[Items from a data source]
----

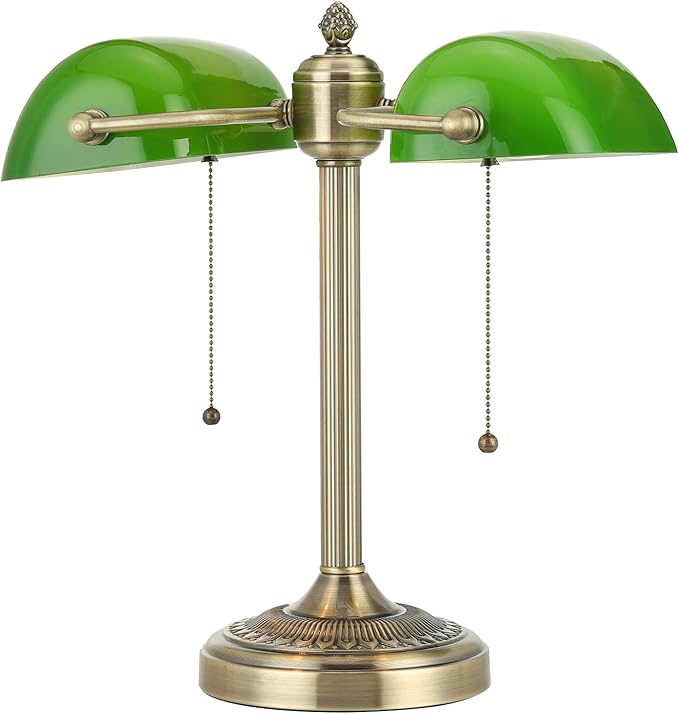Newrays Green Double Head Glass Bankers Desk Lamp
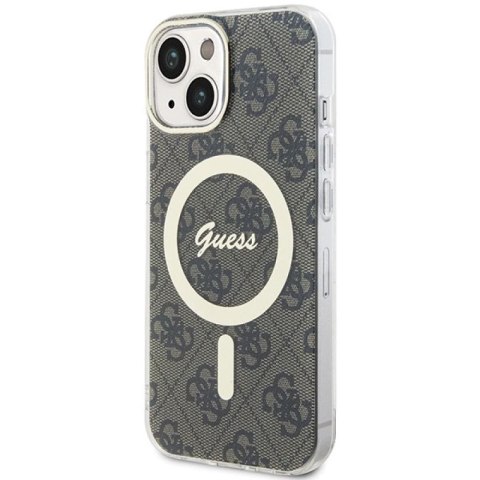 Etui Guess IML 4G MagSafe na iPhone 15 - brązowe Guess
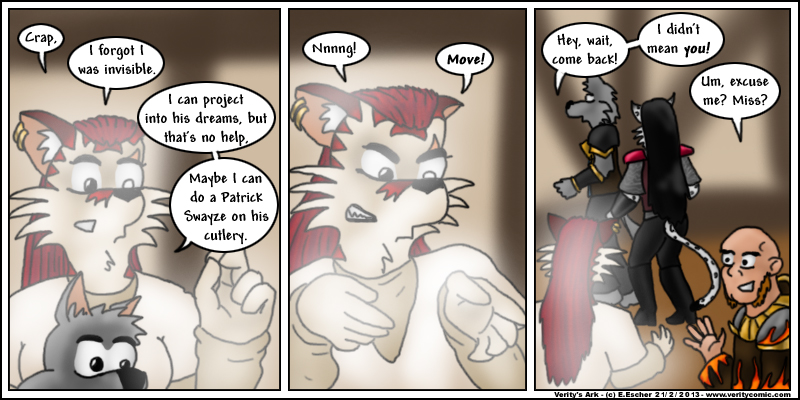 Escher tries to move objects with her mind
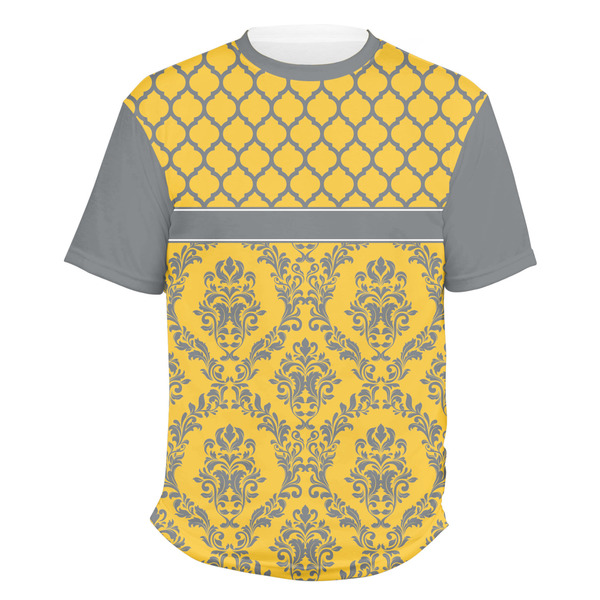 Custom Damask & Moroccan Men's Crew T-Shirt - Small
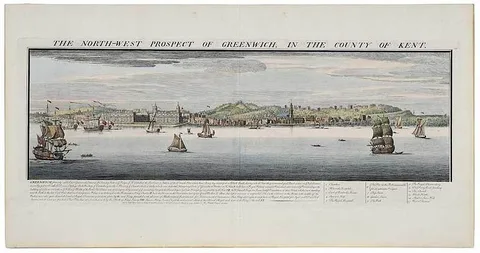 Samuel & Nathaniel Buck, The North-West Prospect of Greenwich, In The County Of Kent, 1739, hand-colored engraving on two sheets of laid paper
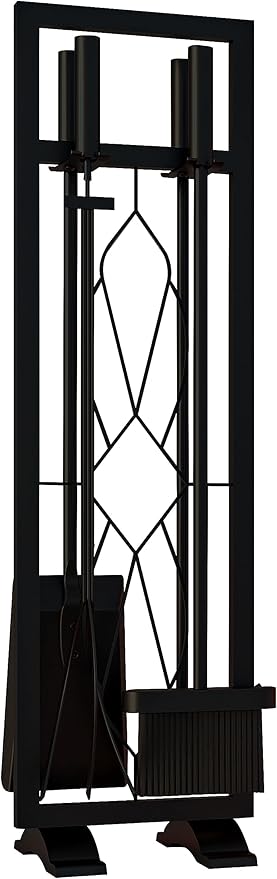 Fire Beauty Fireplace Tools Set 5 Pieces Fireside Accessories Fire Kit Stand Woodstove Tools Holder Wrought Iron Handle Indoor Fireset Stand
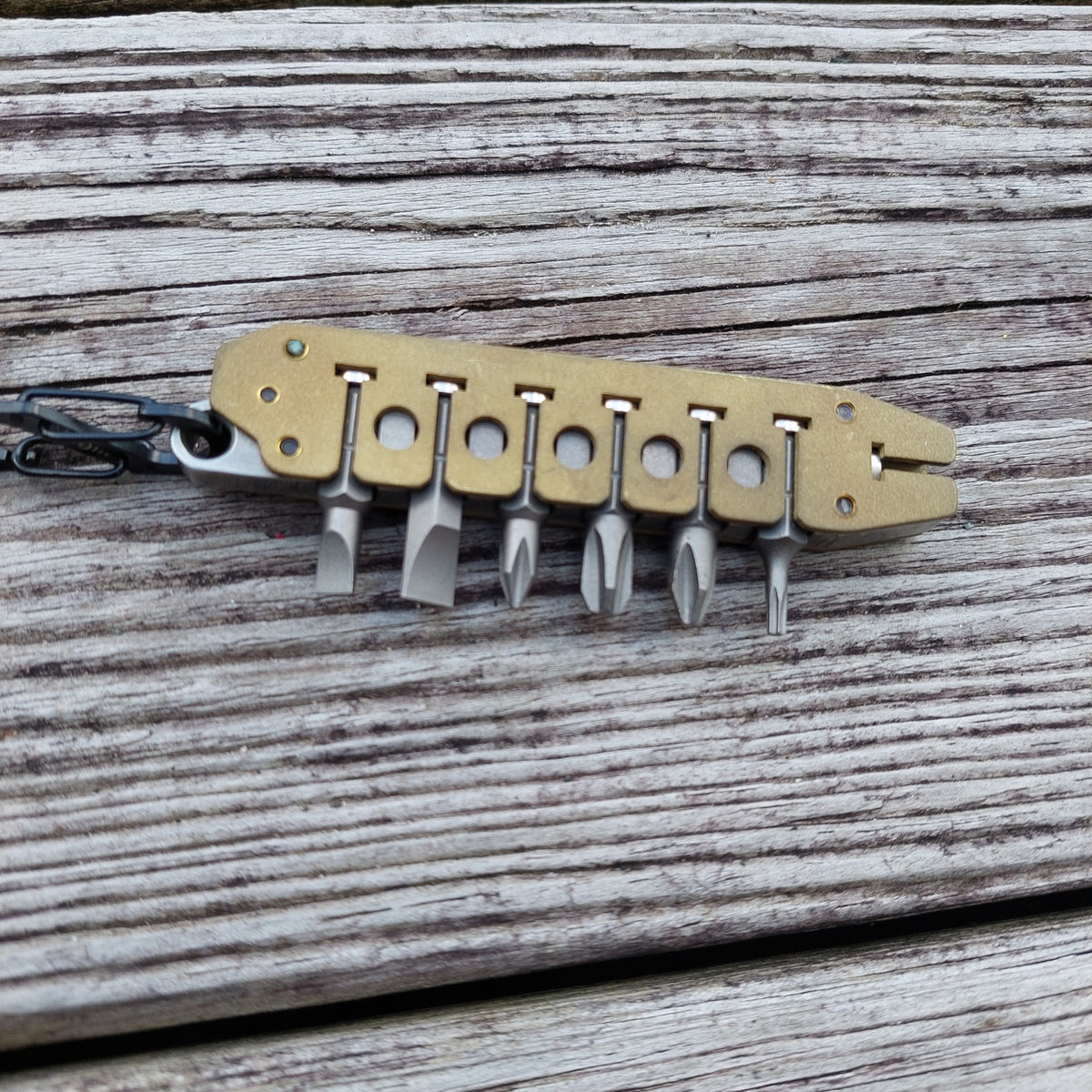 TD Magnetic Driver Combo Bit Storage Organizer Keychain - Brass Covers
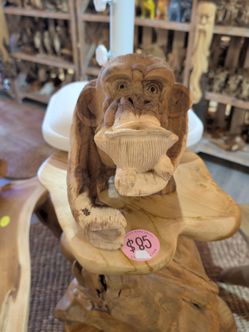 Hand-Carved Wooden Monkey Sculpture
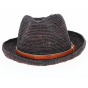 Plum Avignon Raffia Trilby Hat - Traclet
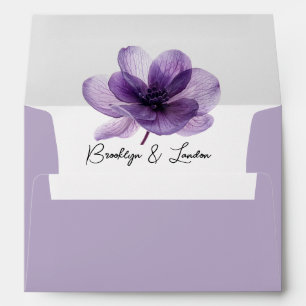 Enveloppe Superbe Mariage de fleurs violettes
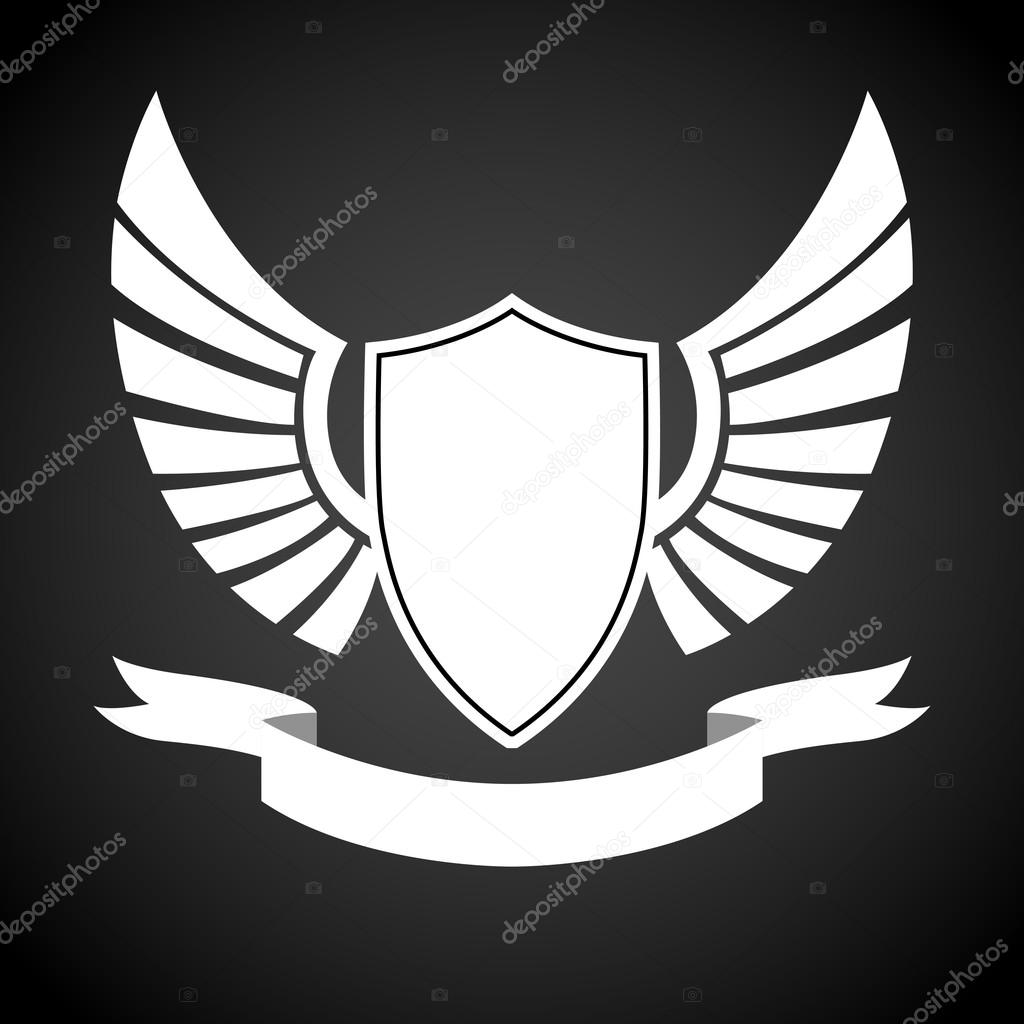 Shield and wings emblem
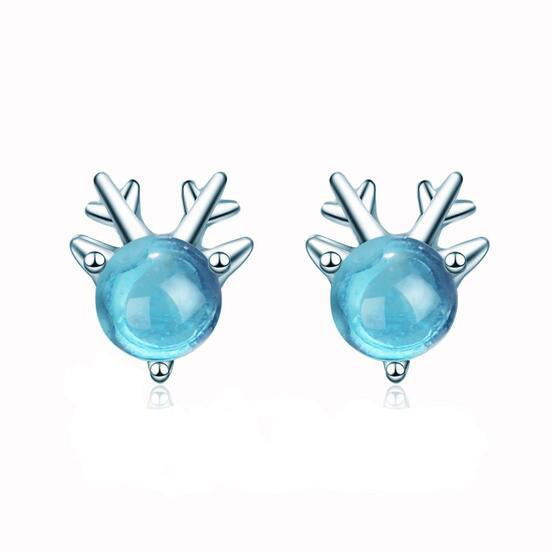 Super Cute Antler Blue Crystal Earrings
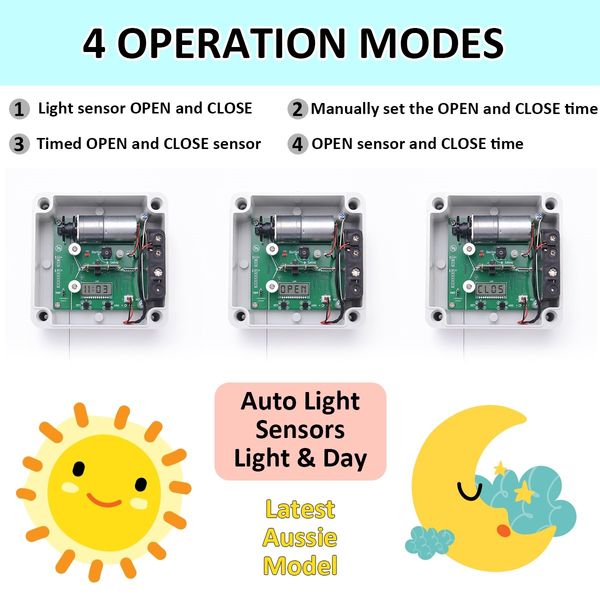 Automatic Chicken Door Coop House Auto Opener Cage Closer Timer Light Sensor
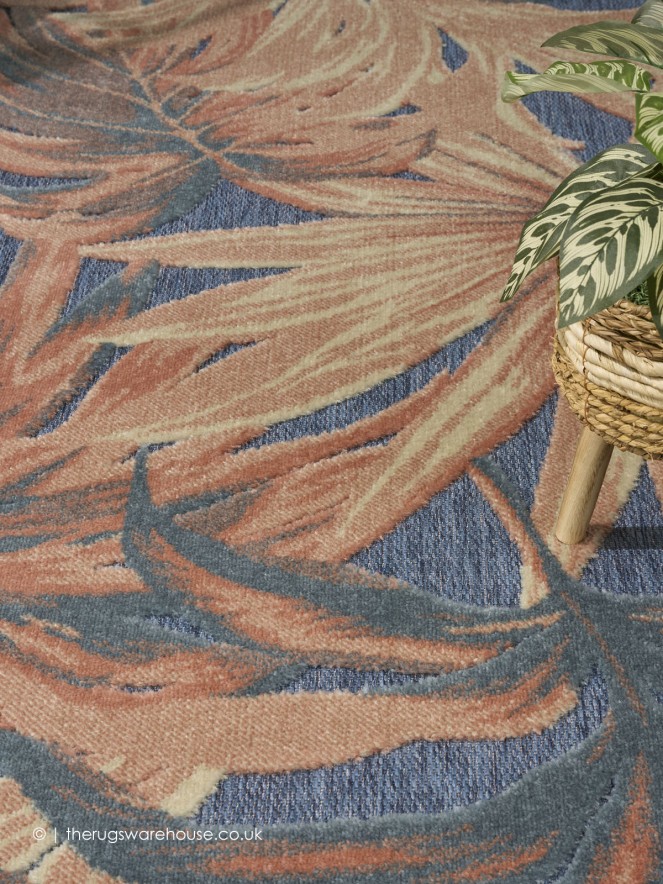 Aloha Leaves Blue Rug - 7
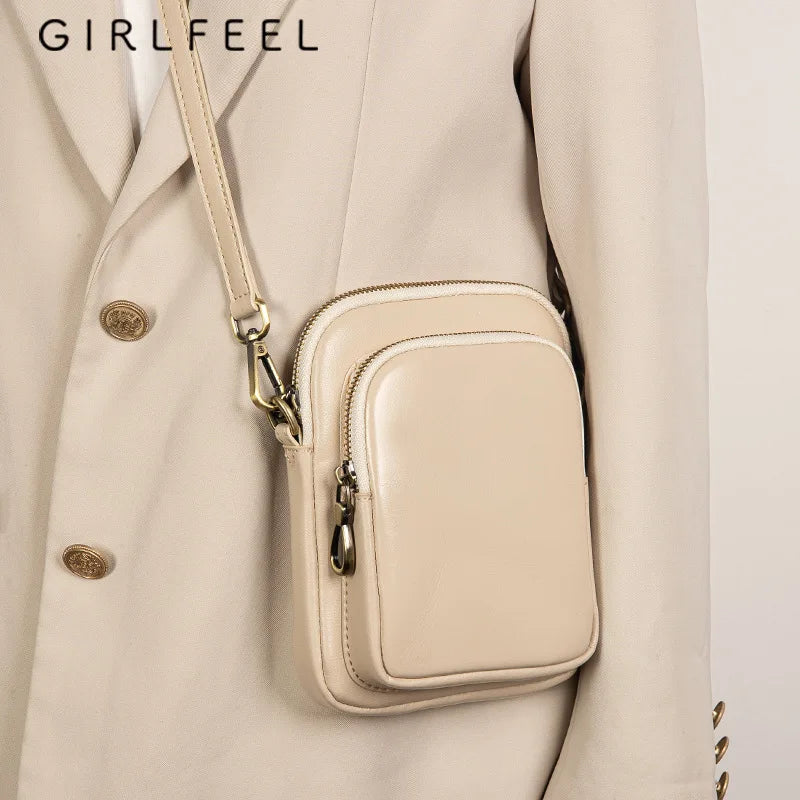 Genuine Leather Handbag for Women 2024 Trend Small Bag Simple Vegetable Tanned Cowhide Mobile Phone Bag Crossbody Shoulder Bag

----

- Task -
Pictures must not appear in the copy, and every record must be restated word for word.

- Answer for this exercise -
Newrays Green Double Head Glass Bankers Desk Lamp
 Etui Guess IML 4G MagSafe na iPhone 15 - brązowe Guess
 Escher tries to move objects with her mind
 Custom Damask & Moroccan Men's Crew T-Shirt - Small
 Samuel & Nathaniel Buck, The North-West Prospect of Greenwich, In The County Of Kent, 1739, hand-colored engraving on two sheets of laid paper
 Fire Beauty Fireplace Tools Set 5 Pieces Fireside Accessories Fire Kit Stand Woodstove Tools Holder Wrought Iron Handle Indoor Fireset Stand
 TD Magnetic Driver Combo Bit Storage Organizer Keychain - Brass Covers
 Hand-Carved Wooden Monkey Sculpture
 Plum Avignon Raffia Trilby Hat - Traclet
 Enveloppe Superbe Mariage de fleurs violettes
 Shield and wings emblem
 Super Cute Antler Blue Crystal Earrings
 Automatic Chicken Door Coop House Auto Opener Cage Closer Timer Light Sensor
 Aloha Leaves Blue Rug - 7
 Genuine Leather Handbag for Women 2024 Trend Small Bag Simple Vegetable Tanned Cowhide Mobile Phone Bag Crossbody Shoulder Bag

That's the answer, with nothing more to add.